Then, it hits you; it’s not so much that your horse is with *you;* it’s that you are with him! The truth is, that your horse is right there with you a whole lot more of the time than you realize. It’s just that since you are not with him, you think he is not with you. You don’t see every time he looks to you, or reacts with a defensive stiffen of his jaw, or he reaches forward with that questioning look, “Do you want me to come forward?”, so trusting and honest. You don’t notice him reaching out to and reacting to you because you are not WITH him. You are somewhere else, missing these many, many opportunities to answer your horse’s question, “Are you with me?”

As soon as you bring your gigantic and flighty human attention back from where ever it was talking to itself, or planning tonight’s dinner, or rehashing a spousal spat, or looking at the watch and wondering if there’s time for a ride. As soon as you draw inward to the circle that is filled by your horse and yourself, you get the awareness of the possibilities when your horse is with YOU and you are with HIM.
That’s the kind of day when progress is made.

I had that kind of a day with Z today. I almost kept up doing what I was doing too long, but I was smart enough to stop at a really good place. Z is such a willing horse that if I reward him for his willingness, I get many fold more back from him. 

 But conversely, if I try to make him move his feet somewhere before he is willing to do so, he gets a bit confused, or even resentful. I think a horse can often be resentful of you moving its feet when you don’t have his attention. On the other hand, if he is refusing to bring his attention away from something outside the paddock or such, and you have to get bigger than the draw of that attention, then the unpleasantness that the horse experiences by basically being “rudely” Interrupted, will make him more likely to remember that lesson and be less likely to move his attention off of the handler for very long or very hard. Hopefully, once that brisk lesson is learned, you can work softly enough to have him thinking about what you want (becoming willing) before you ask him to move his feet.

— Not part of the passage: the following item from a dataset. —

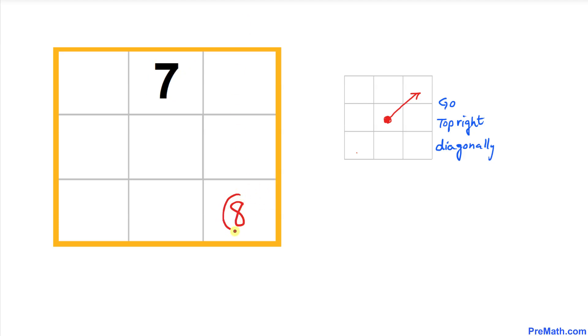Once again we go diagonally, so the next number 9 goes here. There's no box beyond that edge, so we pretend this box is connected to the opposite side — meaning 9 shifts up to that position.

Today, when I realized this about Z, I really tried hard to remember to direct his thought before directing his feet. Man , what a great time we had!


----------



## tinyliny (Oct 31, 2009)

So, after having that marvelous day with Z doing ground work I rode him yesterday. we mostly just did some trail walking, with some trotting and a short bit of work at the canter in the arena.

I have a problem in my back that has been bothering me for nearly 4 years, but only mildly until this last year, when it's gotten worse. Anyway, the reason I mention it here is that the Physical therapist is having me work on engageing my ******* muscles as much as possible when walking, and naturally, for riding, too. I can't remember the name of the muscles, "tranverse" something or other. 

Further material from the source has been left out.